#### Recorded data
--- START ---

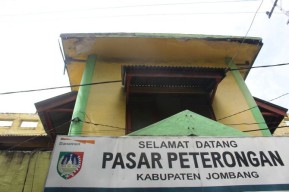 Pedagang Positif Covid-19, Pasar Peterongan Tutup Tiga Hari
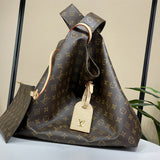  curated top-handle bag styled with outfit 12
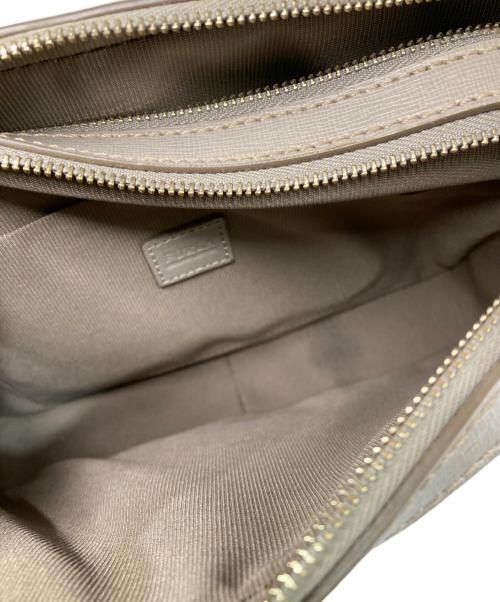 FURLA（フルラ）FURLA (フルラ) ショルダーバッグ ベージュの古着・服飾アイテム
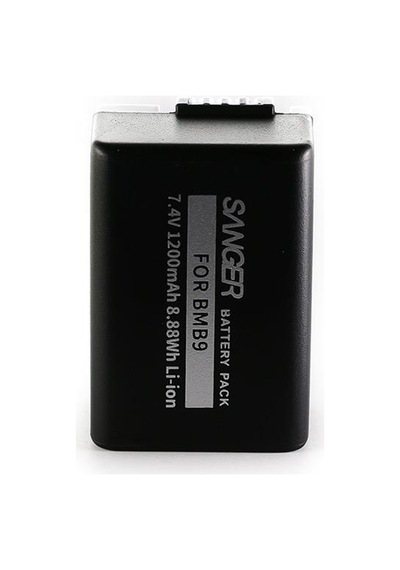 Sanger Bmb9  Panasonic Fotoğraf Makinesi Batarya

--- END ---

#### Aim of the exercise
An exact copy of the listing is required; return it without any pictures.

#### Solution below
 Pedagang Positif Covid-19, Pasar Peterongan Tutup Tiga Hari
  curated top-handle bag styled with outfit 12
 FURLA（フルラ）FURLA (フルラ) ショルダーバッグ ベージュの古着・服飾アイテム
 Sanger Bmb9  Panasonic Fotoğraf Makinesi Batarya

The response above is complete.